| WORK TO COMPLETE |
Return only the lines from the one that contains "Audi A6 (2007) thumbnail 5" through the last line of the records below, exactly as they stand. Pictures are not part of the copy.
====
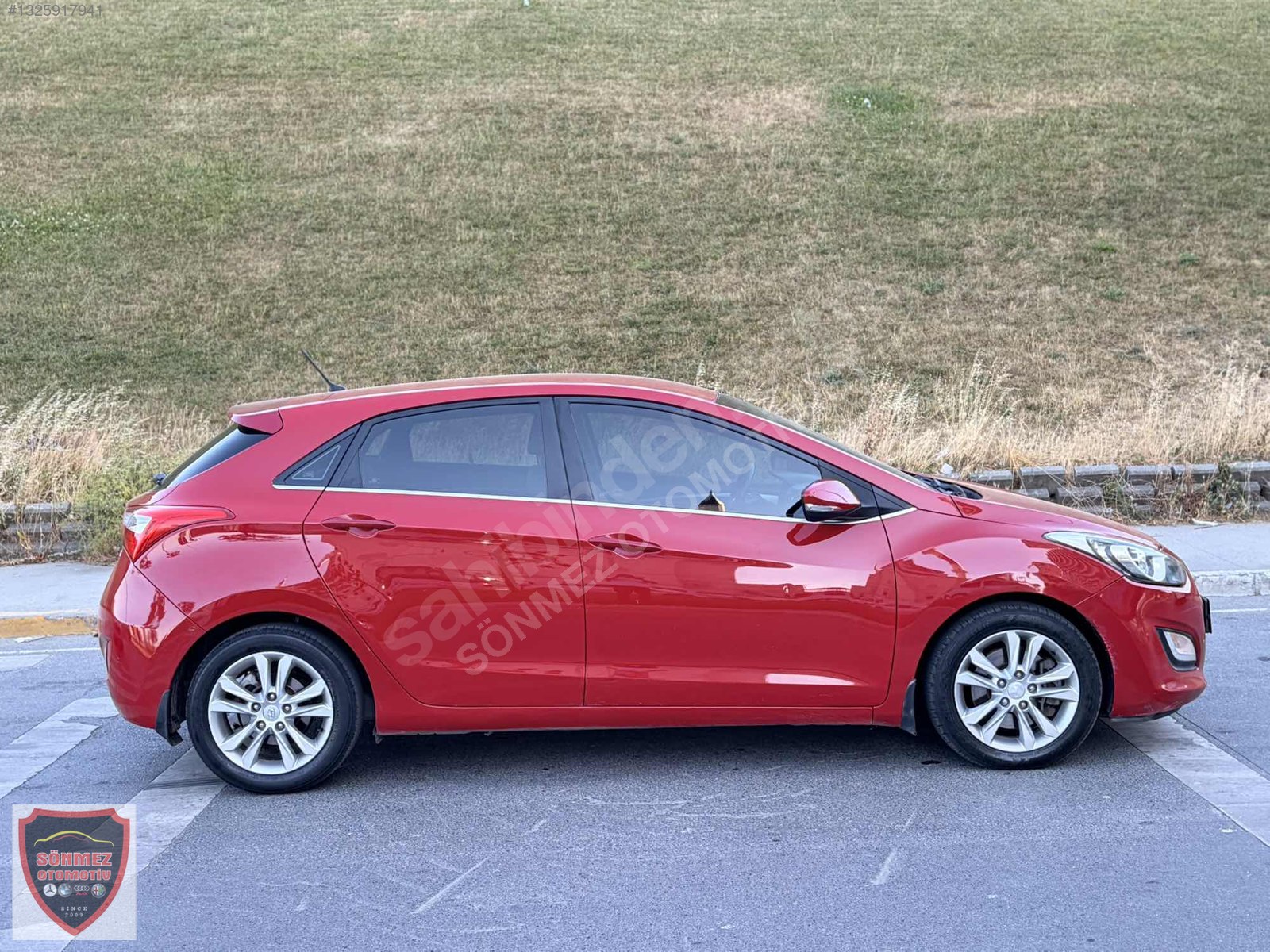 2012 HYUNDAİ İ30 1.6 CRDİ STYLE OTOMATİK ELDEN SENETLE TAKSİTLİ ARAÇ S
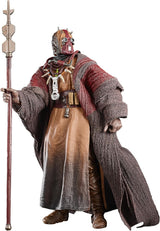 Star Wars Černá série Tusken Chieftain, 15 cm vysoká akční figurka Star Wars: The Book of Boba Fett Akční figurky Naty Shop
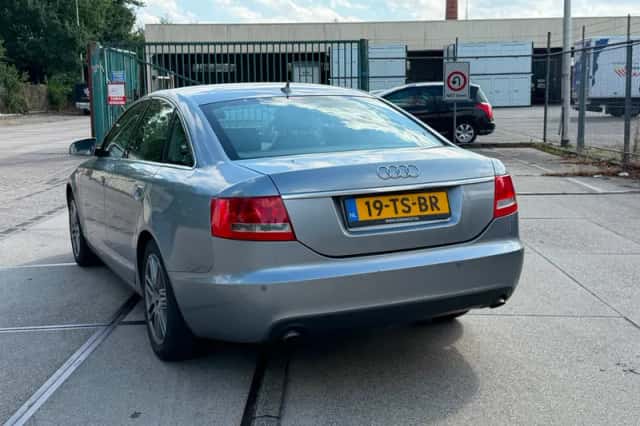 Audi A6 (2007) thumbnail 5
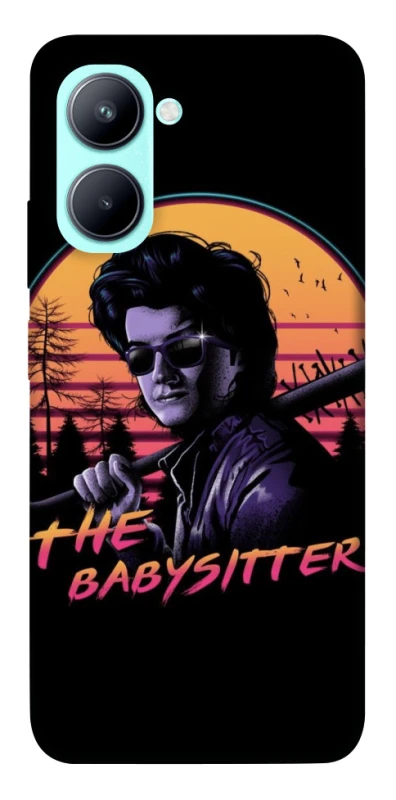 Чехол на Realme C33 Stranger Things ver.31 фото 1 из 1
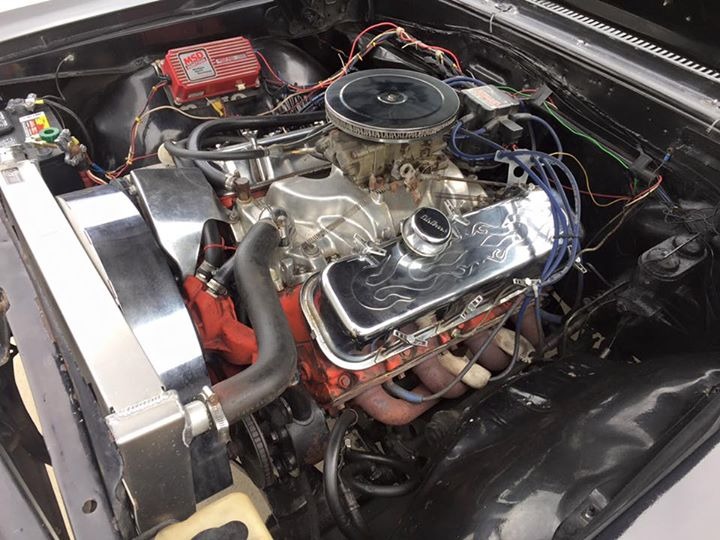 Used 1967 Chevrolet Chevelle - BIG BLOCK 454 WITH MUNCIE 4-SPEED- SEE VIDEO | Mundelein, IL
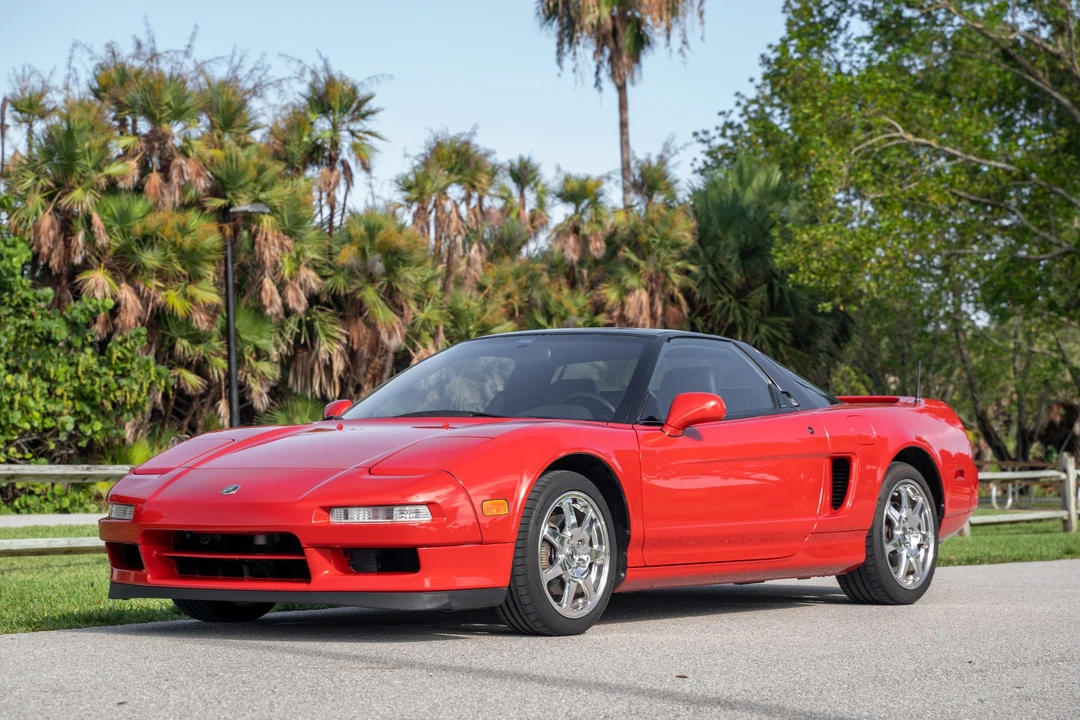 1992 Acura NA1 NSX - Image 3 of 31
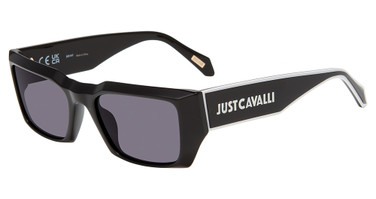 Just Cavalli Eyeglasses SJC090V Shiny Black 700F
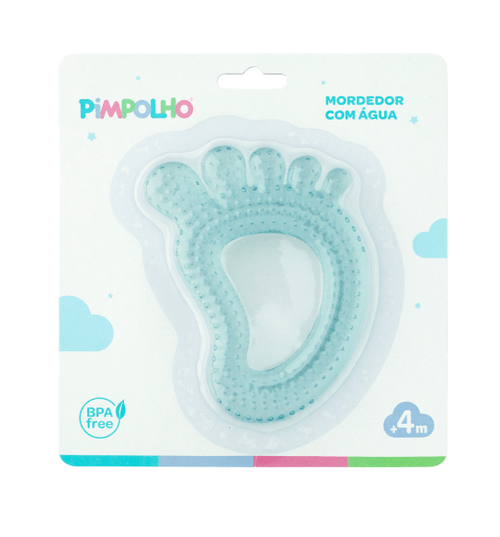 MORDEDOR DE ÁGUA PEZINHO # 0301047 - PIMPOLHO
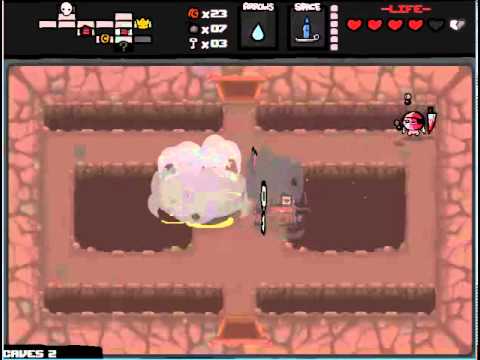 Let's Play The Binding of Isaac Part 36: "An Even Closer One"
====
| ANSWER SPACE |
 Audi A6 (2007) thumbnail 5
 Чехол на Realme C33 Stranger Things ver.31 фото 1 из 1
 Used 1967 Chevrolet Chevelle - BIG BLOCK 454 WITH MUNCIE 4-SPEED- SEE VIDEO | Mundelein, IL
 1992 Acura NA1 NSX - Image 3 of 31
 Just Cavalli Eyeglasses SJC090V Shiny Black 700F
 MORDEDOR DE ÁGUA PEZINHO # 0301047 - PIMPOLHO
 Let's Play The Binding of Isaac Part 36: "An Even Closer One"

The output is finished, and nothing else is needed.